Глава одиннадцатая ПОКОЙ
Открыл Игорь Святославич половцам дорогу на Русь, широко ворота распахнул — ни сторожей, ни защитников, все у Каялы полегли. Гуляй куда хочешь, половецкое поле!
Ржание коней, скрип телег. Покатились бурным потоком половцы на Русь. Застонал Киев от горя, Чернигов от напастей. Тоска разлилась по Русской земле.
Как добрались половцы до края степи, разделились они надвое. Кончак хочет на Киев идти, отомстить за хана Боняка и деда своего Шарукана. А Гзак зовет его на Сейм, в Северскую землю:
— Там остались наши жены и дети полоненные.

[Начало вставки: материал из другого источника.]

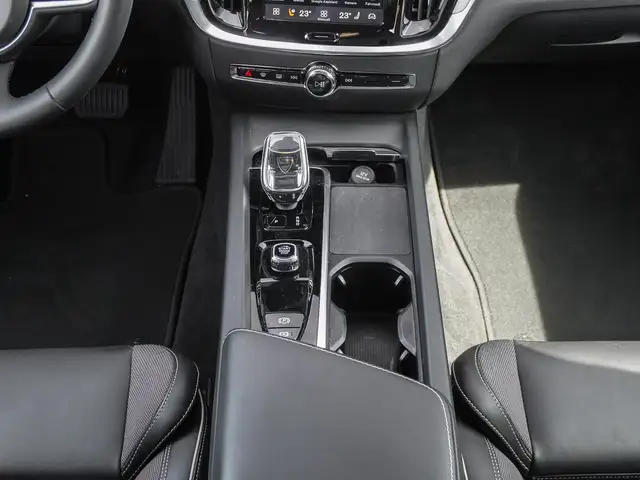 Volvo V60 Cross Country view 15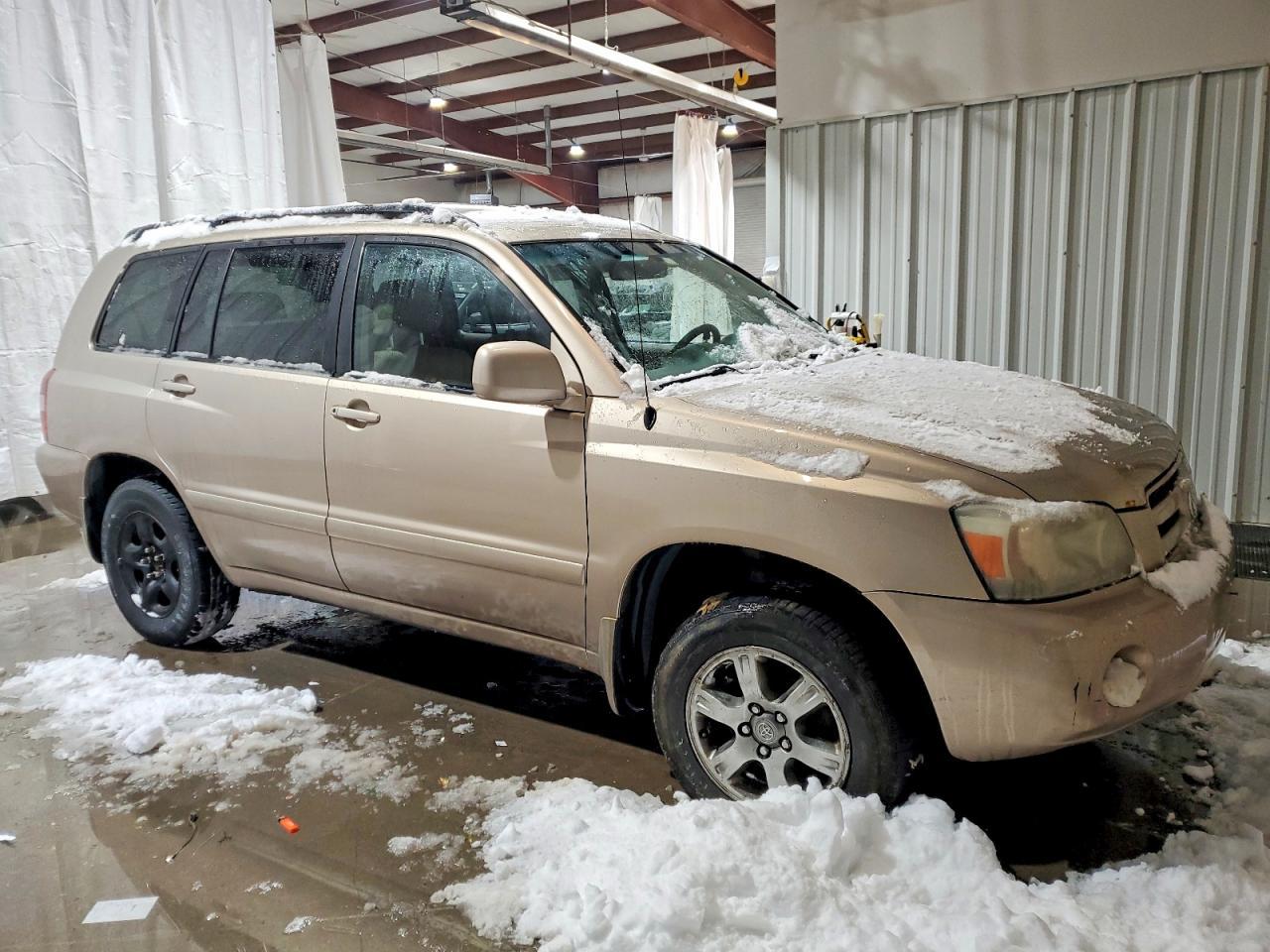 2004 TOYOTA HIGHLANDER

Там города возьмем без страха, без опасности.
Переправился Кончак через Сулу-реку, на Киев и Переяславль пошел. А Гзак, через Ворсклу, через Псел, направил путь на Путивль.
Нет ему ни отпора, ни преград. Перед ним люди бегут, будто ветер сухие листья метет и кружит. Что поценней из имущества в землю закапывают, в холодную печь прячут, сами по лесам скрываются. Ах, да не спрячешь и не скроешься! Берет Гзак богатую добычу, людей в плен уводит. А где он прошел, будто ураган пронесся, гром ударил. Земля вытоптана, села сожжены.
Видят половцы, на другом берегу реки монастырь стоит на горке. Стены высокие, земляные, частоколом топорщатся. Над стенами церковная глава, свинцом крытая, будто опрокинутая серебряная чаша.
А не стой, монастырек, на половецком пути! С лица земли шутя сметут.
Переплыли половецкие кони через реку, на горку карабкаются. А за стеной монахи, что муравьи, мечутся. На церковную крышу взобрались, свинцовые листы отдирают, плавят свинец, ковшами половцам на головы льют. Камнями в них кидают — камни от постройки остались. Тех половцев, кто на стену взобрался, рубят топорами, лопатами, железом окованными, ножами кухонными, чем попадя, бьются. Отец Анемподист, настоятель, наперсным крестом половцу голову расколол. Брат Никодим своей чернильницей медной, свежими чернилами по края налитой, угодил половцу в отрытый, рычащий рот. Подавился половец чернилами, заперхал, отшатнулся. Еван из монастырской поварни выскочил, весь красный да распаренный, большой сковородой, словно булавой, машет. Раскаленной сковородой харю припечатал половецкую.